Philip A.E. Pogge von Strandmann

Sophie Opfergelt

Eydís S. Eiríksdóttir

Melissa J. Murphy

Arni Einarsson

Sigurdur R. Gislason


Lake Myvatn, Iceland, is one of the most biologically productive lakes in the northern hemisphere, despite seasonal ice cover. Hydrothermal and groundwater springs make up the dominant source to this lake, and we investigate their Mg isotope ratio to assess the effect of mid-ocean ridge hydrothermal springs, which are the primary modern sink of seawater magnesium. We also examine a time series in the only outflow from this lake, the Laxa River, to assess the effects of seasonal primary productivity on Mg isotopes.

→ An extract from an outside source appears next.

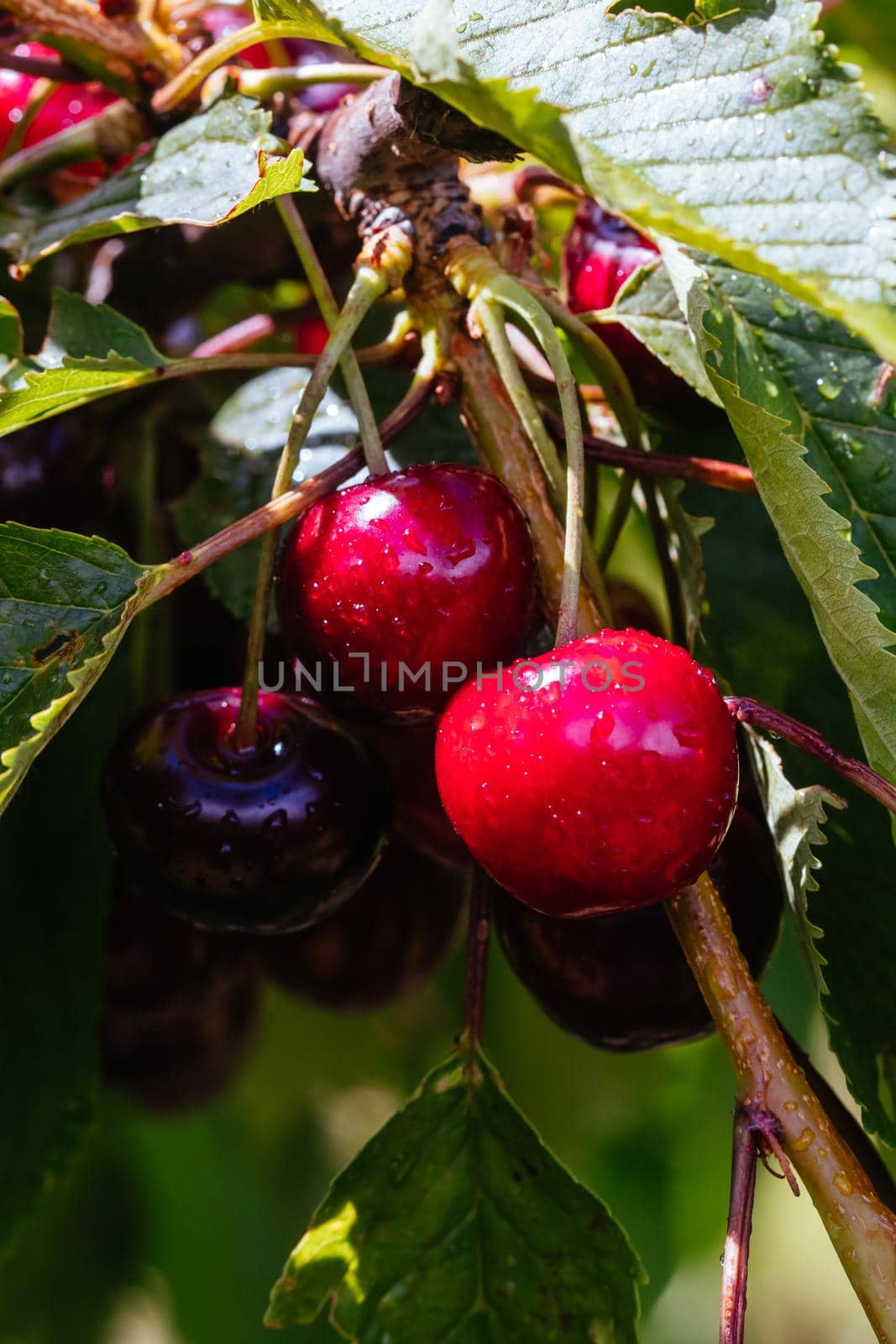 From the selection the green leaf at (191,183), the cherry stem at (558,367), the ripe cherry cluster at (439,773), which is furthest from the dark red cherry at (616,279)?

In the hydrothermal waters, there is a clear distinction between cold waters (largely unfractionated from primary basalt) and relatively hot waters, which exhibit over 1‰ fractionation, with consequences for the oceanic mass balance if the hydrothermal removal of Mg is not fully quantitative. The outflow Mg isotopes are similar to basalts (δ26Mg = −0.2 to −0.3) during winter but reach a peak of ∼0‰ in August. This fractionation corresponds to calcite precipitation during summer in Lake Myvatn, preferentially taking up light Mg isotopes and driving the residual waters isotopically heavy as observed, meaning that overall the lake is a CO2 sink.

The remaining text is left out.